Blimey. Was I right about ISP? You would have thought that out of all the people who were involved in making and editing this programme (which I believe is quite popular), someone would have noticed this. Maybe the BBC is not employing the right people...

Plus that Viglen bloke looks like he's straight out of a Doonesbury cartoon (something else I have never understood).


----------



## Spymaster (Dec 15, 2010)

Bagsie was saying on _You're Fired_ that he's now a year older.

Was it all filmed last year?????


----------



## Miss Potter (Dec 15, 2010)

I think it was, didn't they hold the series until after the election or summat?


----------



## Spymaster (Dec 15, 2010)

Interesting that they can keep the results under wraps for so long.


----------



## ymu (Dec 15, 2010)

Yeah - they couldn't show it because Sugar was advising the government.
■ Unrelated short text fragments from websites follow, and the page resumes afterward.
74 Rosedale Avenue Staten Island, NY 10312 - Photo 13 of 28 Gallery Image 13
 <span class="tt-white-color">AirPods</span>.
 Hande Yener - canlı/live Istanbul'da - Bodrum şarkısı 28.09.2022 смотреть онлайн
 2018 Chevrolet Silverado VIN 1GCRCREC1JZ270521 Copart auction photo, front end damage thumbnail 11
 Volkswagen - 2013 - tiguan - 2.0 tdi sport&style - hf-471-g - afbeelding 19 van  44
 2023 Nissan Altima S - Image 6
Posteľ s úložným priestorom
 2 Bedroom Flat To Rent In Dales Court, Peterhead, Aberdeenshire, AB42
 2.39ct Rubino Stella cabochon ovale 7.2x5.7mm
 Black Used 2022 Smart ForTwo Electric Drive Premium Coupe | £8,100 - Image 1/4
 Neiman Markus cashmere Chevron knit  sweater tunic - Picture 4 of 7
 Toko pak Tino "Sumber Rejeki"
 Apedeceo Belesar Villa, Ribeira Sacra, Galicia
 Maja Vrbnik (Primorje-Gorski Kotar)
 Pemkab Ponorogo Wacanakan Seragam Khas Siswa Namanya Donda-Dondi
There's always quite a long break anyway because the final two work for him for a few months before the final decision is taken (IIRC).


----------



## Bakunin (Dec 15, 2010)

We shouldn't forget that this show is never really about Sir Grumpychops actually finding new and deserving talent to which he can one day pass on the torch and hand over his empire. It's not about that and never has been. When big business types like Sir Grumpychops are REALLY looking for new executives they usually turn to either candidates who have been personally recommended by his business colleagues and friends or they resort to employing corporate headhunters to poach new talent from other companies.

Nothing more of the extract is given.